■ **WORK TASK**
Starting with the line that contains "蒼救の幽暗 クイラデス" and stopping after the line that contains "Джинсы Jeans Club", copy the entries below exactly. Include nothing else.
TASK DATA section start
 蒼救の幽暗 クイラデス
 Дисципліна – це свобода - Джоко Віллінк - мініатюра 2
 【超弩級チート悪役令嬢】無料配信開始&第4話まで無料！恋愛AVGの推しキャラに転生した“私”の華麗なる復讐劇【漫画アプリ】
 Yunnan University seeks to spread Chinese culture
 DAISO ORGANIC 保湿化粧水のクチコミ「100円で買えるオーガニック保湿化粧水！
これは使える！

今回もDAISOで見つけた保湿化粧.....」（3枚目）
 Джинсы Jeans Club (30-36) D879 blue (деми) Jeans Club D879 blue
TASK DATA section end
TASK DATA section start
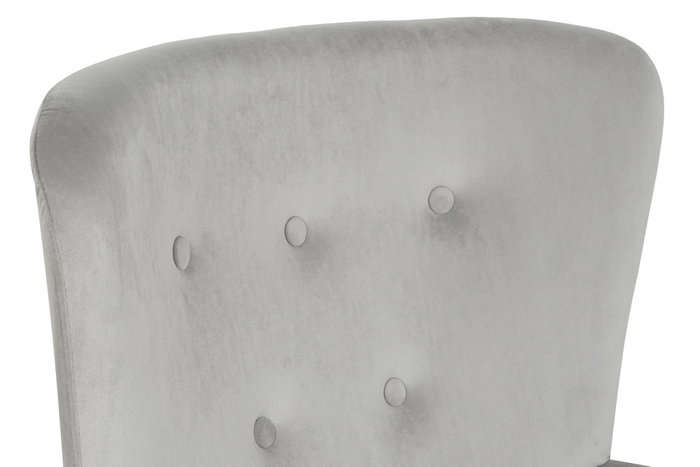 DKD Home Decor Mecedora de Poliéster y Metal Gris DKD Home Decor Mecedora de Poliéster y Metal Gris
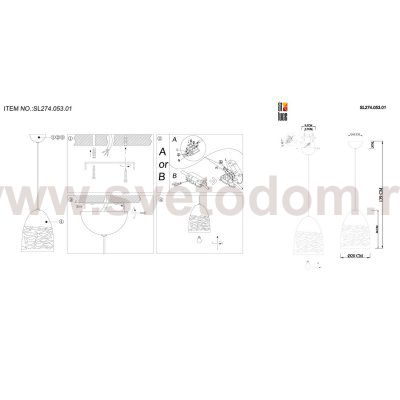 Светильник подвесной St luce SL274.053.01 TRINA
TASK DATA section end
TASK DATA section start
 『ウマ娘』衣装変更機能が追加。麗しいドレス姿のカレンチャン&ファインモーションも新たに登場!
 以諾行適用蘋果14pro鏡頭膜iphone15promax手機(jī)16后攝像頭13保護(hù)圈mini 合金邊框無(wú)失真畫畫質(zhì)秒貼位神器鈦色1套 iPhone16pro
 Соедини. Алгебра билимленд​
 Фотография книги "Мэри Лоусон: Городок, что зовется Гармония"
TASK DATA section end
■ **PROBLEM SOLUTION**
 蒼救の幽暗 クイラデス
 Дисципліна – це свобода - Джоко Віллінк - мініатюра 2
 【超弩級チート悪役令嬢】無料配信開始&第4話まで無料！恋愛AVGの推しキャラに転生した“私”の華麗なる復讐劇【漫画アプリ】
 Yunnan University seeks to spread Chinese culture
 DAISO ORGANIC 保湿化粧水のクチコミ「100円で買えるオーガニック保湿化粧水！
これは使える！

今回もDAISOで見つけた保湿化粧.....」（3枚目）
 Джинсы Jeans Club (30-36) D879 blue (деми) Jeans Club D879 blue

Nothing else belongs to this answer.